Extremely conservatively: If the average across the shop was 30 GB, at 10 watts each is is easy to figure out some interesting things like watts per GB and power reductions. This is extremely conservative, if for no other reason than there were a fair number of 5.25 inch disk drives still in use, and they use *a lot* more power than this. The vast majority were either SCSI or IDE, not Fiber Channel or SAS.
The next question is at what point in the history of the Data Center are we comparing this too? Go back 10 years, and we had 17,000 real systems across the globe, and well over 5,000 in the biggest one. We had two 750 KVA UPS's loaded up.
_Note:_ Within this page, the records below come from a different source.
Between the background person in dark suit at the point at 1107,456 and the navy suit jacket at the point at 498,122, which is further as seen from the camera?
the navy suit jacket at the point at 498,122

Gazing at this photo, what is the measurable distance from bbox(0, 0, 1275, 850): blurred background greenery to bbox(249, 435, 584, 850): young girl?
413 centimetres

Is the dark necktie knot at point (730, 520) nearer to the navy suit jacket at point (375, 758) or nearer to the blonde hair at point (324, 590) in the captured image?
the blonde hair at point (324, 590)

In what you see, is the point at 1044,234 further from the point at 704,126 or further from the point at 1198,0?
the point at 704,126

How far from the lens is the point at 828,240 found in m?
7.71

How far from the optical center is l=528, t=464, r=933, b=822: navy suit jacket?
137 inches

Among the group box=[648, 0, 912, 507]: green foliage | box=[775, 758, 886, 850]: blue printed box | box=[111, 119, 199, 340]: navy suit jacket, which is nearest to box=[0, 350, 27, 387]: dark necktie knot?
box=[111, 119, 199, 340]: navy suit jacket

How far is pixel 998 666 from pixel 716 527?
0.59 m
Today we are using less than the full capacity of one UPS. Over the last year or so has been the real Go Big to Get Small effort, so that only about 2,000 devices in this one large DC. 4000 or so disk drives. That's easily 30 KW. A third of a watt per Gigabye, or over 300 watts per TeraByte!
Even worse: That capacity was sprayed all over the place: 38,000 square feet of data center, full to the rafters with old systems, each one an island of storage. Shared capacity was only on the NAS (of which there were many terabytes). Better than a bunch of cross mounted systems, but still not optimal.
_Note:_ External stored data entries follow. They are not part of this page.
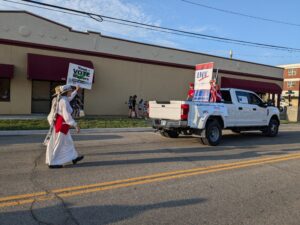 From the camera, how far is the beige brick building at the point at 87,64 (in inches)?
806

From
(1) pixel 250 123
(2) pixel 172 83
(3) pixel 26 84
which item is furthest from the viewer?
(2) pixel 172 83

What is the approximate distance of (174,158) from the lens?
898 cm

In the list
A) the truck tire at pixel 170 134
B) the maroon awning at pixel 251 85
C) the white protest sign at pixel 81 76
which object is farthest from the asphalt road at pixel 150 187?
the maroon awning at pixel 251 85

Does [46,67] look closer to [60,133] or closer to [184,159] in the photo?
[184,159]

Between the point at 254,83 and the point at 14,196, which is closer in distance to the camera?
the point at 14,196

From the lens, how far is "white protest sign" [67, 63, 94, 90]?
15.0 metres

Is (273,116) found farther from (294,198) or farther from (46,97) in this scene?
(46,97)

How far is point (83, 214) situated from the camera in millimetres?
4734

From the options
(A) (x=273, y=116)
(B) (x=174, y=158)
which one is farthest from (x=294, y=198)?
(A) (x=273, y=116)

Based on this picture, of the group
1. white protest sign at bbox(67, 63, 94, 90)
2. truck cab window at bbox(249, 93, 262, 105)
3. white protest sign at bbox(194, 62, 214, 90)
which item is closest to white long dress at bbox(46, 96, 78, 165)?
white protest sign at bbox(194, 62, 214, 90)

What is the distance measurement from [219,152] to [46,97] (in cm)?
1499

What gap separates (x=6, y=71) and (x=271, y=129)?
14514 mm

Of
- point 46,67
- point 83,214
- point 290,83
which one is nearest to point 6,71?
point 46,67

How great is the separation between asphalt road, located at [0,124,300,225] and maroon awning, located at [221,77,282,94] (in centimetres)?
2129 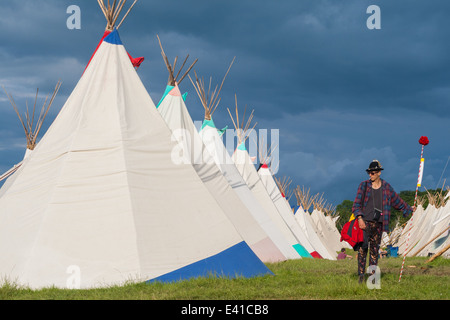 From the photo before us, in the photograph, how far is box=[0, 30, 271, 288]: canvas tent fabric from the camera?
20.0 ft

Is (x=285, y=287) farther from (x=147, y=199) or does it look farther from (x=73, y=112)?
(x=73, y=112)

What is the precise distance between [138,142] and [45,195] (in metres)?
1.49

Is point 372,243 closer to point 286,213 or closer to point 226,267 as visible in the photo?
point 226,267

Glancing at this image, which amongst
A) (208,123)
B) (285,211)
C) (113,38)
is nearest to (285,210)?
(285,211)

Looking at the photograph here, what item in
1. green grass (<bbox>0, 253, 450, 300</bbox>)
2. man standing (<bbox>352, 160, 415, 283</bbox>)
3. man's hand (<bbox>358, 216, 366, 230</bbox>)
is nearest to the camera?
green grass (<bbox>0, 253, 450, 300</bbox>)

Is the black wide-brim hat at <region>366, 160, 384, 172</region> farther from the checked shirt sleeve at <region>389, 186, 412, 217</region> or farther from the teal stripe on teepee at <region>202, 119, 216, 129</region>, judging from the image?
the teal stripe on teepee at <region>202, 119, 216, 129</region>

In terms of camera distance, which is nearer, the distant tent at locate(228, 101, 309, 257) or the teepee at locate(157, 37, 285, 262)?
the teepee at locate(157, 37, 285, 262)

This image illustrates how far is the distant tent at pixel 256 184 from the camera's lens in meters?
13.6

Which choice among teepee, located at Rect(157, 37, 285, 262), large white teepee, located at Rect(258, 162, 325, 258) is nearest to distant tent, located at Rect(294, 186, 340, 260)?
large white teepee, located at Rect(258, 162, 325, 258)

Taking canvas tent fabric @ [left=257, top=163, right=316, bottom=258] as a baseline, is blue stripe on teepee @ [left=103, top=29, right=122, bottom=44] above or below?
above

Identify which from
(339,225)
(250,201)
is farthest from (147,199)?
(339,225)

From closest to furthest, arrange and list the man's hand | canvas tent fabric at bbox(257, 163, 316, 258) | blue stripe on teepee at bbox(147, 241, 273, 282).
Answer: the man's hand → blue stripe on teepee at bbox(147, 241, 273, 282) → canvas tent fabric at bbox(257, 163, 316, 258)

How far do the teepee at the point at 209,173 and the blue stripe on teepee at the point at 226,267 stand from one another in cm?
137

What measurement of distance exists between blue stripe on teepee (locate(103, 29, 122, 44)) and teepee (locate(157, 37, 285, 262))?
1.97 metres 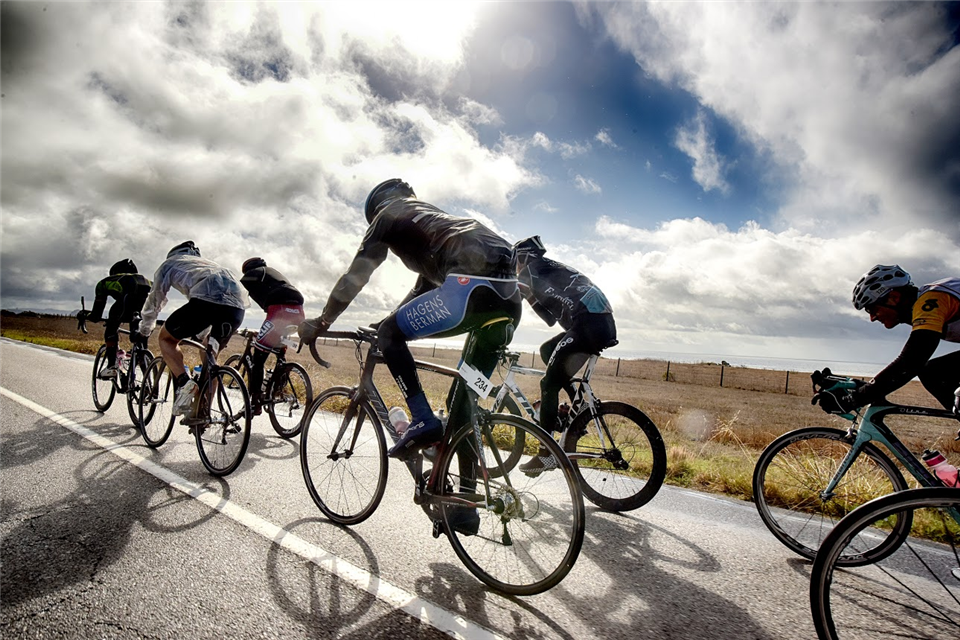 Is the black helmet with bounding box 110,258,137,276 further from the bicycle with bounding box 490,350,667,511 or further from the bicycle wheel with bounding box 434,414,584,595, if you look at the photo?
the bicycle wheel with bounding box 434,414,584,595

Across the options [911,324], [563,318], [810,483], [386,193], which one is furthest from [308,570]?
[911,324]

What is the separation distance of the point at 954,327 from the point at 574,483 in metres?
3.16

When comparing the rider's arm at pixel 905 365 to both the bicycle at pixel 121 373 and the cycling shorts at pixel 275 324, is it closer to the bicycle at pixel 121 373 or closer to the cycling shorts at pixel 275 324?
the cycling shorts at pixel 275 324

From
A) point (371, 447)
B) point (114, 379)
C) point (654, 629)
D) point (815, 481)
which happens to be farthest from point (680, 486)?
point (114, 379)

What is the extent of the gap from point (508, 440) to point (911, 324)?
300 centimetres

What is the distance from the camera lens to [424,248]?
2.96m

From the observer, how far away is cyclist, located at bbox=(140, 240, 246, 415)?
199 inches

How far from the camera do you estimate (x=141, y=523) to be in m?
3.03

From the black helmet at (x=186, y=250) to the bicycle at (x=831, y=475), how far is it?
6641 mm

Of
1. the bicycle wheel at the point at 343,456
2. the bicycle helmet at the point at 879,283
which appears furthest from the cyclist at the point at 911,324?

No thin provisioning. No tiering. The system went as fast as the fastest disks you bought for it. If the system that was attached to the storage failed, and that storage and whatever it did for the business was unavailable. If it was something like a continuous Integration server, things could grind to a halt till the server was fixed, or the disks swapped to a working server, or some other similar thing.
Not everything could be HA when running amber waving fields of physical servers. Virtualize it. Consolidate it. Now everything has to be HA, but everything benefits from that. Not only is power being saved, and space reduced, and less CO2 emitted, the availability is *higher*.
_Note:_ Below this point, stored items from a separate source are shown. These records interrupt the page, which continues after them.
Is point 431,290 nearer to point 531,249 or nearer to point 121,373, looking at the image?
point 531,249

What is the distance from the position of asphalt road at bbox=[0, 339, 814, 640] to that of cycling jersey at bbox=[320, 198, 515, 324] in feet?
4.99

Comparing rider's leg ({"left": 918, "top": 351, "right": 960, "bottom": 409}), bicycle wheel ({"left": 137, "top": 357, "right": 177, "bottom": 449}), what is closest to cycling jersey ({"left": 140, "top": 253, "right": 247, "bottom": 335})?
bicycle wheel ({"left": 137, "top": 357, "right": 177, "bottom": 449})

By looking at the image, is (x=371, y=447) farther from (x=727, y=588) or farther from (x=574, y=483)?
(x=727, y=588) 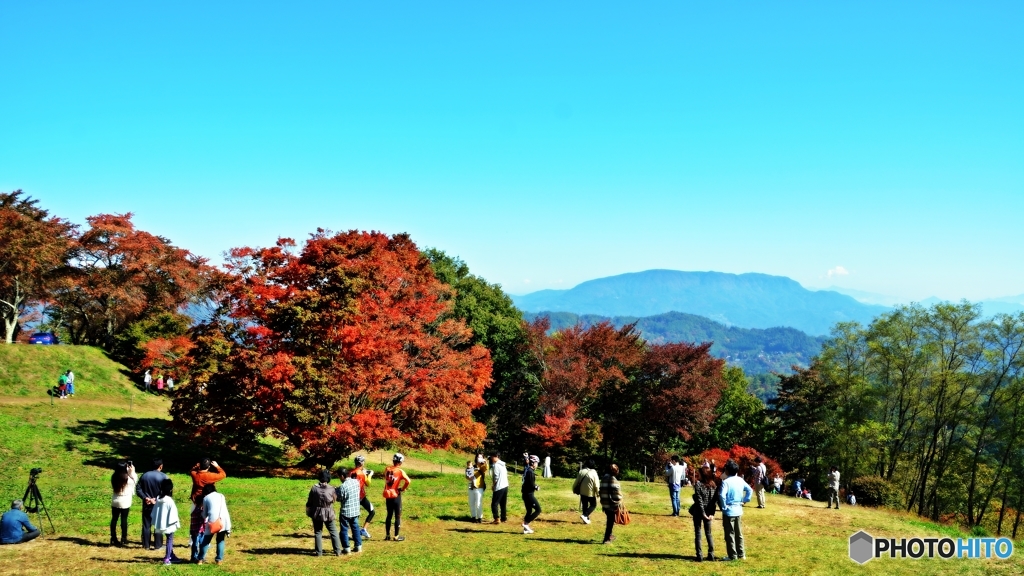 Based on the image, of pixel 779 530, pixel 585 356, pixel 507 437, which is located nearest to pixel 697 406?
pixel 585 356

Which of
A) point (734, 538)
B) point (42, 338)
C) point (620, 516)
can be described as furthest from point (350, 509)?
point (42, 338)

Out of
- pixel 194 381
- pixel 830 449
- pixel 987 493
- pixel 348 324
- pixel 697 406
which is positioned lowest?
pixel 987 493

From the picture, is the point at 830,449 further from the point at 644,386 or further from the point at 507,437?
the point at 507,437

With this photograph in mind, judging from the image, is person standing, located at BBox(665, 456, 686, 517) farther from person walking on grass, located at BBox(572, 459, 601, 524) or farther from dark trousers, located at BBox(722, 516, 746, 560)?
dark trousers, located at BBox(722, 516, 746, 560)

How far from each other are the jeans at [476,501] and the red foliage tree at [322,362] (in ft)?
29.8

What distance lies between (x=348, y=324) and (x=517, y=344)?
83.3 ft

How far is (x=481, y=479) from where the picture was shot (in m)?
16.6

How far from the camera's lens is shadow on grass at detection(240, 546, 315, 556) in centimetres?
1307

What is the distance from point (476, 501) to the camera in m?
16.7

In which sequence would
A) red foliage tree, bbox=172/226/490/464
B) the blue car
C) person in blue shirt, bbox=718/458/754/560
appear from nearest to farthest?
person in blue shirt, bbox=718/458/754/560 < red foliage tree, bbox=172/226/490/464 < the blue car

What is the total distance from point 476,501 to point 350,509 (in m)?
4.62

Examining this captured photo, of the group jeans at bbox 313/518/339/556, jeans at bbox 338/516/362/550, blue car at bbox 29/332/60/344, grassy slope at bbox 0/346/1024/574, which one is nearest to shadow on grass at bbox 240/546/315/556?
grassy slope at bbox 0/346/1024/574

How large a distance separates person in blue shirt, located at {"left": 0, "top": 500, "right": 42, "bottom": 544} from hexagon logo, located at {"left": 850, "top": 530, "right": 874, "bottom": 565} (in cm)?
1768

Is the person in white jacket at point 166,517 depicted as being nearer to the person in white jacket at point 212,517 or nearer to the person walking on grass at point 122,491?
the person in white jacket at point 212,517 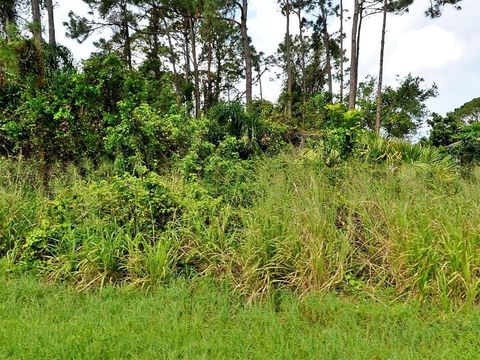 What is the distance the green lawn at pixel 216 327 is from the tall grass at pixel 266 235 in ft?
0.74

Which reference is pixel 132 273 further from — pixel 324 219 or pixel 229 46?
pixel 229 46

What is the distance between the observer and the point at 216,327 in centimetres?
259

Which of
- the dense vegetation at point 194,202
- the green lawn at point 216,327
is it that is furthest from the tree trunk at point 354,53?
the green lawn at point 216,327

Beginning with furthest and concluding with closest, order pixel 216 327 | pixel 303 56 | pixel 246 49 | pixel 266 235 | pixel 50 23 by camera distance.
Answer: pixel 303 56, pixel 246 49, pixel 50 23, pixel 266 235, pixel 216 327

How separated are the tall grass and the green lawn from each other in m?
0.22

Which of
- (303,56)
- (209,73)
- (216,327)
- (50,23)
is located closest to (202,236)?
(216,327)

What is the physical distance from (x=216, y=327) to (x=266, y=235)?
1.02 meters

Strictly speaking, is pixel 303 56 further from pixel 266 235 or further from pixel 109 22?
pixel 266 235

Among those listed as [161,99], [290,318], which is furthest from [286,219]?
[161,99]

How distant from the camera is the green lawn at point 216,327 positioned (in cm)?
226

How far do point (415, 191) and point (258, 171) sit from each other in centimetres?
194

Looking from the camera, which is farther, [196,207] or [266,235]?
[196,207]

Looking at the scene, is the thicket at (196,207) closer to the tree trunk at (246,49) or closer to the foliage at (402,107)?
the tree trunk at (246,49)

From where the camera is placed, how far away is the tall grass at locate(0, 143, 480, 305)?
3045mm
Its also easier to find all your "Stuff". Its right there.
Pete and Repeat
I want to state again: not everything in the DC is Hitachi. I picked the VSP for this post because we have a lot of it, and it is a good example of what would be achieved with any Enterprise class storage. Had I picked IBM XIV, the details of how the storage is installed, how the controllers work, how the disks go in to the frame, and laid out would have been different. The point would be the same. Ditto any other Enterprise vendors gear. Go big and dense to achieve the goal. Make sure it is HA.
In another kind of repeat, if this all seems like we have been here before it it is because we have been. We just called it the mainframe back then. Therein lies the tale of the data center, and the redesign, and that's next.